"Our hearts are heavy with the news of John Chubb's passing. John spent his life dedicated to making our nation's schools better for our kids, and he will be remembered always for his extraordinary work in education reform. Angela and his family are in our thoughts and prayers during this trying time."
John Chubb, since 1999, was as a distinguished visiting fellow at the Hoover Institution, where he was a charter member of Hoover’s Koret Task Force on K–12 Education, on which he served for sixteen years. Chubb was the president of the National Association of Independent Schools since 2013.
Chubb devoted his career to education reform, working closely with teachers in K–12 schools with a focus on issues of importance to school leaders and policymakers. He also worked as an international education consultant, advising school leaders around the world. In 1992, Chubb co-founded EdisonLearning, a company that for more than twenty years has partnered with public school districts and charter school boards nationwide to provide innovative schools and education programs with a focus on disadvantaged students.

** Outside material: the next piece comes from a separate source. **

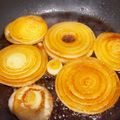 kaooo１１５'s cooksnap of when they made ごはんに合う！新玉ねぎのしょうが焼き.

He authored a number of books, including Politics, Markets, and America’s Schools (co-authored with Hoover Institution fellow Terry Moe in 1990), which was one of the most important contributions to the K–12 education reform movement in the US and advocated educational choice. Twenty years later, in his second book with Moe, Liberating Learning, they focused on the prospects for technology revolutionizing K–12 education and prescribed that K–12 education reforms in the twenty-first century must embrace and fully utilize the newest and emerging technologies. While on the Koret Task Force, he wrote The Best Teachers in the World: Why We Don’t Have Them and How We Could (Hoover Institution Press, 2012), Learning from No Child Left Behind (Education Next Books, 2009), and Within Our Reach: How America Can Educate Every Child (Rowman and Littlefield, 2005).
Chubb was a senior fellow at the Brookings Institution from 1984 to 1992 and assistant professor of political science at Stanford University from 1978 to 1984. He has served as an adviser, consultant, and speaker for the White House and for many state governments, public and private school systems, and nonprofit organizations.
Chubb received his PhD from the University of Minnesota and an AB summa cum laude from Washington University in St. Louis, both in political science.